Ceux des carburants à faible teneur en soufre, tels que le VLSFO (moins de 0,1 %) et le MGO (diesel marin), se sont répliés de manière plus significative encore, ce qui a entraîné une réduction des écarts entre les différents carburants. Ce faisant, les arguments en faveur de l’installation des scrubbers perdent de l’acuité car la période d’amortissement du coût d’installation s’en trouve allongée. La contraction du prix du HFO par rapport au VLSFO – appelé l’écart Hi5 –, se traduit par des économies sur la facture de carburant. Plus l’écart est important, plus les navires équipés de scrubbers réalisent des économies.

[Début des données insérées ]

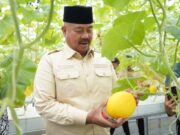 Bupati Kukar Panen Melon di Lahan Green House Desa Rapak Lambur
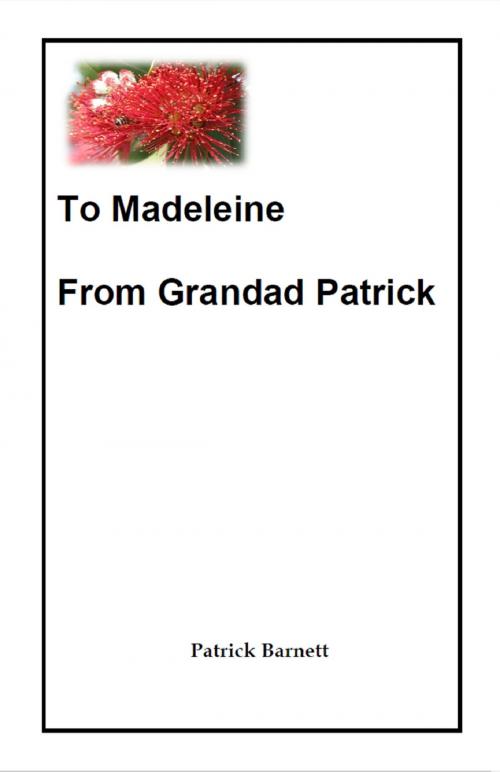 Cover of the book To Madeleine From Grandad Patrick by Patrick Barnett, Patrick Barnett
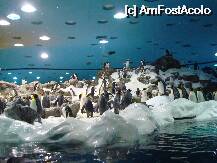 [P29] Loro Parque-pinguinariul » foto by pink_gabi*
 - 
<span class="allrVoted glyphicon glyphicon-heart hidden" id="av75048"></span>
<a class="m-l-10 hidden" id="sv75048" onclick="voting_Foto_DelVot(,75048,2078)" role="button">șterge vot <span class="glyphicon glyphicon-remove"></span></a>
<a id="v975048" class=" c-red"  onclick="voting_Foto_SetVot(75048)" role="button"><span class="glyphicon glyphicon-heart-empty"></span> <b>LIKE</b> = Votează poza</a> <img class="hidden"  id="f75048W9" src="/imagini/loader.gif" border="0" /><span class="AjErrMes hidden" id="e75048ErM"></span>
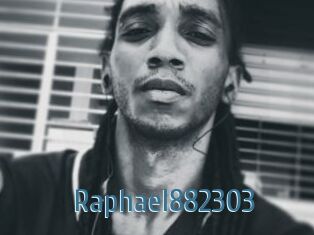 Raphael882303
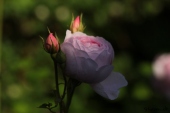 Rose; Sceptred Isle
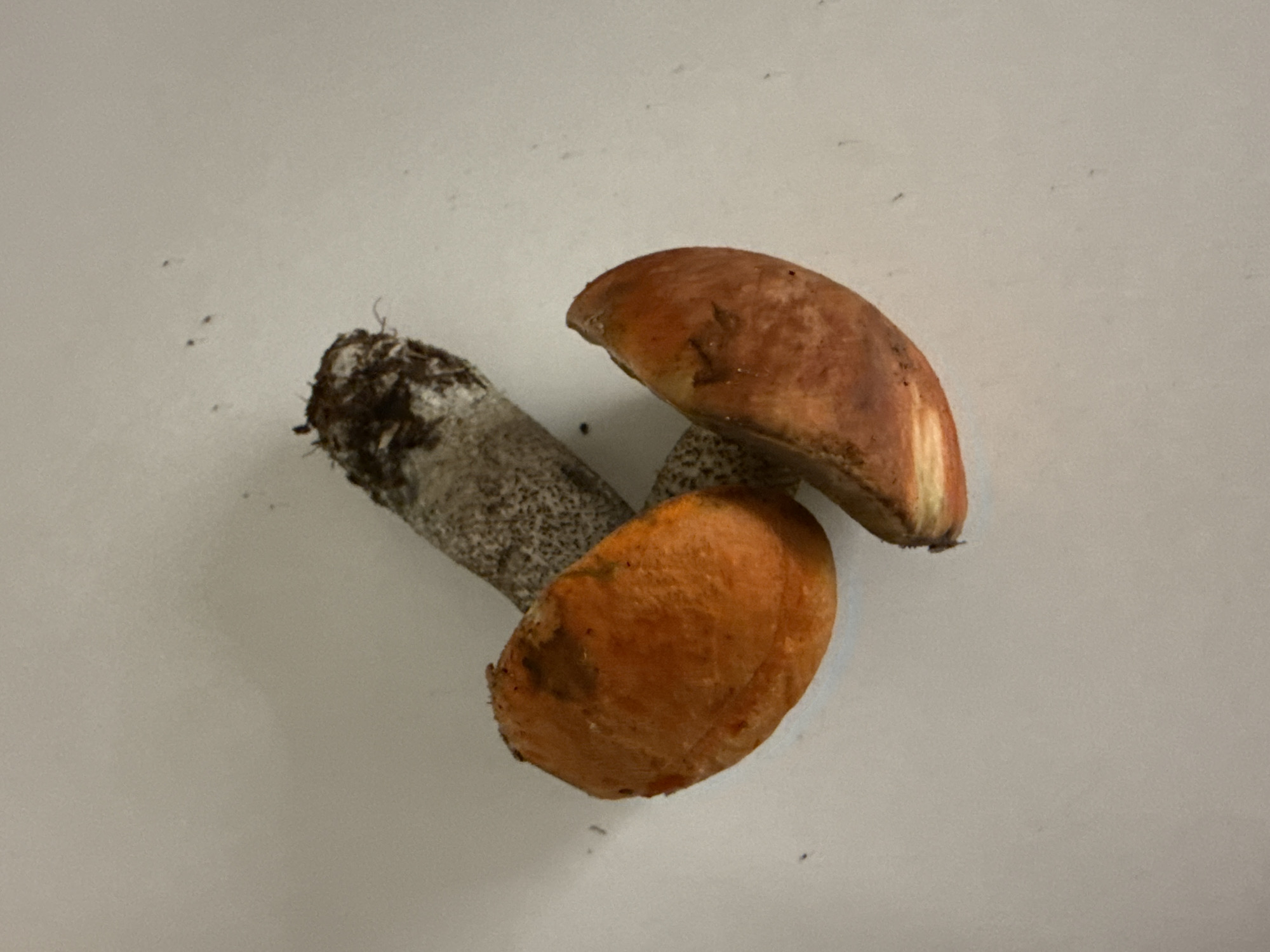 The image is a top-down, close-up shot of three mushrooms on a plain white surface, possibly a table. The mushrooms are arranged in a cluster. One mushroom is mostly intact, with a pale, speckled stem and a vibrant orange cap. Two other mushrooms appear to be parts of a cap or smaller whole mushrooms, also with orange coloration. The surface is smooth and shows no discernible features or textures that would indicate a specific location in Vologda, Russia, or any other urban setting. The lighting is somewhat harsh, creating faint shadows. The focus is on the mushrooms, which are the sole subjects in the image.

Or, il s’est effondré à 73 $ par tonne, selon Ship & Bunker sur la base des prix moyens observés dans les vingt principaux hubs de soutage. Le différentiel était encore de 420 $/t en juillet 2022. Selon les données de Clarksons Securities, à cette époque, les très gros transporteurs de brut équipés de scrubbers économisaient 24 000 $ par jour en frais de carburant. Les gains ne sont plus désormais que de 3 400 $/j.
En supposant qu’une tonne de VLSFO émette environ 3,15 t de CO2, un prix du carbone de 80 € par tonne et de VLSFO à 500 $ pourraient gonfler les coûts de carburant de plus de 50 %. En fonction du type de navire, du trajet spécifique et des escales, ainsi que des coûts du carburant et des prix réels du CO2, les coûts des trajets Est-Ouest pourraient donc se renchérir de plus de 20 % en 2026.
Au-delà de l’écart exceptionnellement faible entre le VLSFO et le HFO, l’autre anomalie concerne le gaz naturel liquéfié, qui a été moins cher que le VLSFO en mai, juin et juillet et qui s’est aligné en juillet sur le HFO dans le port de Rotterdam, pour la première fois depuis plus de deux ans. Durant la majeure partie de l’année 2022, la propulsion au GNL a été très coûteuse. Depuis, les prix ont fortement chuté pour atteindre, dernièrement, moins de 500 $ la tonne. Le secteur du transport maritime a misé massivement sur le GNL en tant que passerelle entre les énergies fossiles et ce qui adviendra (méthanol, ammoniac, hydrogène…). L’option GNL dans le coût de construction d’un navire se paie chèrement, jusqu’à 25 M$ de plus que son équivalent avec un carburant fossile. Les armateurs n’ont plus qu’à espérer que le GNL sera suffisamment compétitif pour justifier leurs investissements d’autant qu’ils ne savent toujours pas comment le carburant de transition sera traité par le système européen d’échange de quotas d’émission et dans le cadre de l’éventuelle taxe mondiale sur le carbone, que l’Organisation maritime internationale pourrait mettre en œuvre d’ici à 2027.